Il 15 ottobre 1967 moriva tragicamente Gigi Meroni. La mitica “farfalla granata”, il George Best del calcio italiano, l’estro e la fantasia in campo. L’uomo che con le sue gesta umane, sportive, culturali e inconsapevolmente anche politiche, ha anticipato il movimento del ’68 e tutto quello che ha caratterizzato il mondo giovanile, sociale e culturale del nostro paese. A cominciare dal mondo giovanile.
Gigi Meroni, ad oltre cinquant’anni dalla sua scomparsa, continua ad essere Gigi Meroni. E non solo per quella comunità che va sotto il nome di “popolo granata” ma per diverse generazioni che hanno visto in quel funambolico numero 7 un punto di riferimento per come vivere e praticare il calcio nella società. Gigi era amato dal popolo, se così lo vogliamo definire, e quasi disprezzato dalle elite. Da tutte le elite. Sportive, politiche, culturali, religiose – purtroppo – e giornalistiche. Eppure la “farfalla granata” non era solo un punto di riferimento, ma era ed è rimasto il riferimento per milioni di cittadini e di sportivi. Certo, Gigi era coraggioso. Sfidava la sua presenza in Nazionale pur di restare coerente con i suoi principi e con il suo modo d’essere nella società e nella sua comunità. Ha sfidato il contesto religioso e culturale del suo tempo per non rinunciare ai suoi affetti e ai suoi sentimenti. Ma in campo la “farfalla” era anche profondamente rispettoso.

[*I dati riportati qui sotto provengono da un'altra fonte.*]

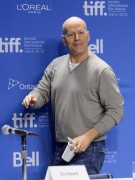 Брюс Уиллис / Bruce Willis - Looper Press Conference @ Toronto International Film Festival, 06.09.12 (27xHQ 5ef1da236635275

Dalle botte che riceveva – senza mai reagire con cattiveria e rancore – agli insulti che gli rovesciavano in campo i tifosi avversari supportati e incoraggiati dagli organi di informazione dell’epoca. Sferzanti e incattiviti contro il “cappellone” granata. Ma gli stessi stadi restavano ammutoliti di fronte al calcio che praticava Gigi: creativo, poetico, anticonformista, estroverso e fantasioso. Gesta che hanno eccitato non solo il popolo granata ma il calcio italiano quando quell’esile numero 7 schizzava nelle difese avversarie e creava lo scompiglio con i calzettoni sempre abbassati e la maglia troppo larga per il suo esile peso. Certo, la tragedia del 15 ottobre in Corso Re Umberto a Torino dopo l’ormai celebre vittoria contro la Sampdoria e la tripletta del suo grande amico Nestor Combin – che sarà ripetuta la domenica successiva in un altrettanto celebre derby contro la Juventus – ha indubbiamente contribuito a creare il “mito”. Ma il magistero sportivo, umano e valoriale di Gigi Meroni e’ destinato a restare nella storia del calcio italiano, della storia granata e dello sport nazionale. Le sue gesta hanno segnato il suo tempo ma, soprattutto, segnano il presente e il futuro del calcio italiano. Gigi Meroni e’ destinato a restare un’icona. E non solo granata.